▶ _Exercise aim_:
Each line of the data that includes "Blue" must be copied.

▶ _Records drawn from a dataset_:

===============

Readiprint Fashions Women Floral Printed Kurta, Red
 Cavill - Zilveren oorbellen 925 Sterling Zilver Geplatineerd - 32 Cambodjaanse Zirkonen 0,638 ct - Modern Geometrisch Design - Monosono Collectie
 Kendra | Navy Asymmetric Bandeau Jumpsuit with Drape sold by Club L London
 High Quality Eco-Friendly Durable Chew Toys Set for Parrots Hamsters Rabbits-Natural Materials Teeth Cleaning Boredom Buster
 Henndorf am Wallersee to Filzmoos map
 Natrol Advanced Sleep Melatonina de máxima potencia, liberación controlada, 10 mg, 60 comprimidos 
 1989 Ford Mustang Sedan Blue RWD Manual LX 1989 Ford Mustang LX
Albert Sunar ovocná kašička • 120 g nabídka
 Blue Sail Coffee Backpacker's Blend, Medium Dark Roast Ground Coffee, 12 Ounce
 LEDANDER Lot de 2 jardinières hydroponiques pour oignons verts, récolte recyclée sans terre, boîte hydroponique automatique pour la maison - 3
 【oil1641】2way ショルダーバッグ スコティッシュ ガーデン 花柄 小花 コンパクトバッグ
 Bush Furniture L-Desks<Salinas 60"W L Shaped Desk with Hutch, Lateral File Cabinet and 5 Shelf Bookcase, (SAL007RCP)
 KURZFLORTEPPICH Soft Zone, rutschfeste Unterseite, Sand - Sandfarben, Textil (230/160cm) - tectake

===============

▶ _Expected answer_:
 1989 Ford Mustang Sedan Blue RWD Manual LX 1989 Ford Mustang LX
 Blue Sail Coffee Backpacker's Blend, Medium Dark Roast Ground Coffee, 12 Ounce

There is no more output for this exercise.